> Action item
With the images left out, print all of the records below exactly.

Crawled caption data
+---+

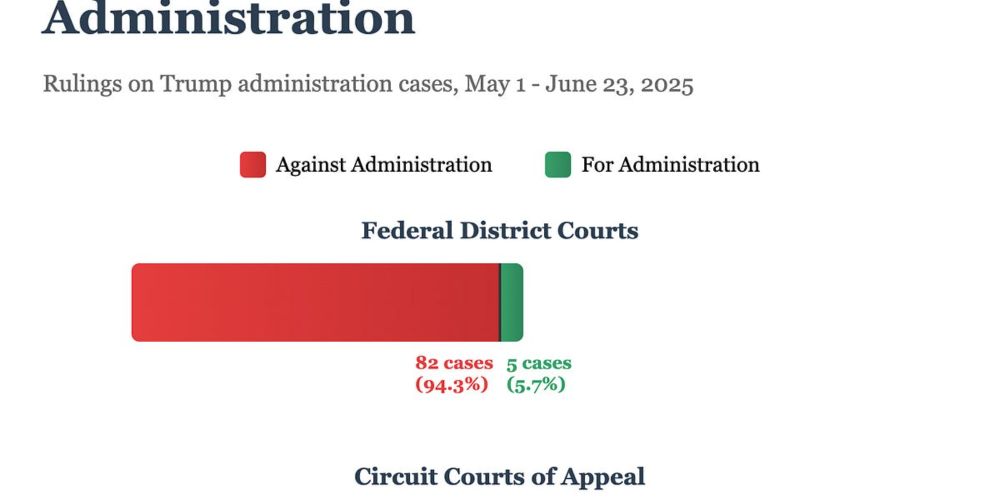 Between May 1 and June 23, federal judges ruled against the Trump administration 94% of the time. The Supreme Court backed it 94% of the time.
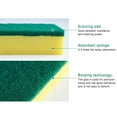 thumbnail image 5 of Individually Wrapped Sponges Kitchen Cleaning Sponges Bulk, Dishwashing Sponges Scouring Pad, Odor-Free Loofah Dish Sponge Scrubber for Washing Dishes for Kitchen Household Cleaning 24 Pack (Green), 5 of 7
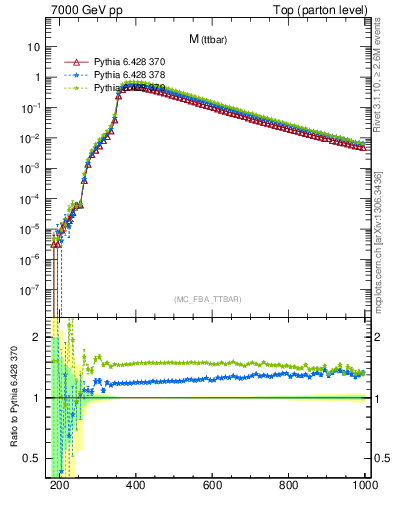 Plot of mttbar in 7000 GeV pp collisions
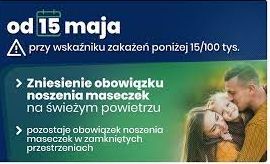 Od dzisiaj bez maseczki na świeżym powietrzu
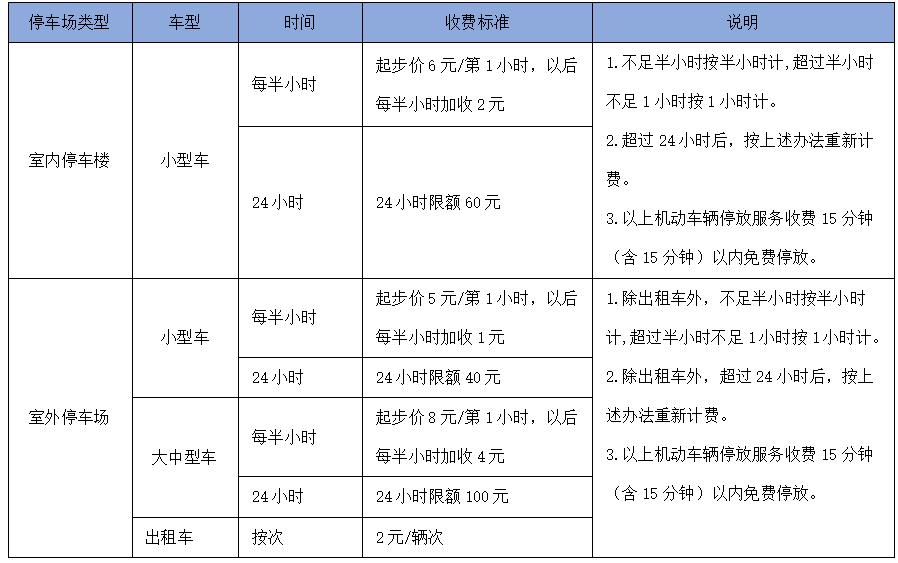 长水机场附近停车场哪个便宜，昆明长水机场停车一天多少钱（第一试管网）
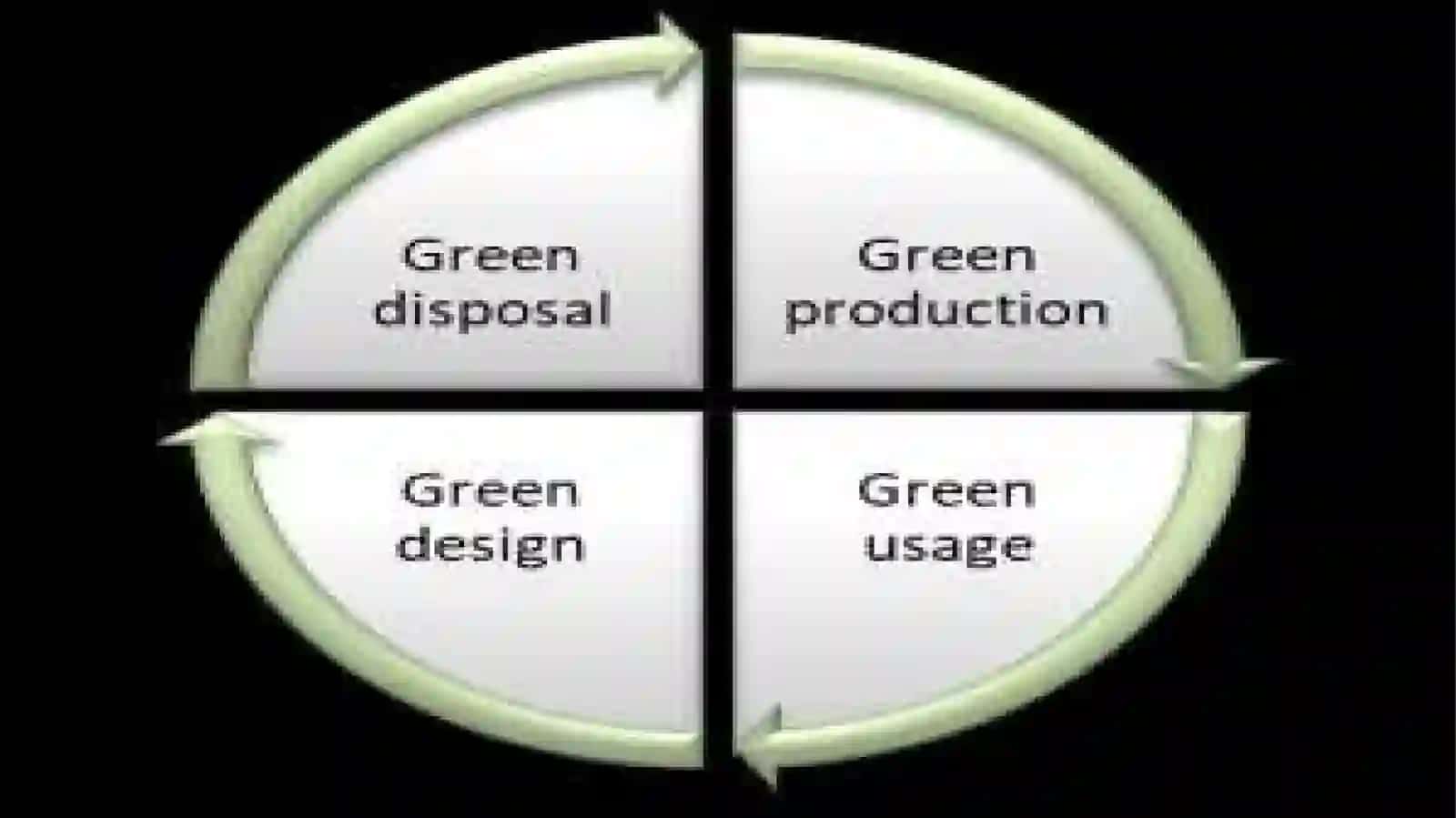 The G-IoT (or) Green IoT 4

+---+

> Worked solution
 Between May 1 and June 23, federal judges ruled against the Trump administration 94% of the time. The Supreme Court backed it 94% of the time.
 thumbnail image 5 of Individually Wrapped Sponges Kitchen Cleaning Sponges Bulk, Dishwashing Sponges Scouring Pad, Odor-Free Loofah Dish Sponge Scrubber for Washing Dishes for Kitchen Household Cleaning 24 Pack (Green), 5 of 7
 Plot of mttbar in 7000 GeV pp collisions
 Od dzisiaj bez maseczki na świeżym powietrzu
 长水机场附近停车场哪个便宜，昆明长水机场停车一天多少钱（第一试管网）
 The G-IoT (or) Green IoT 4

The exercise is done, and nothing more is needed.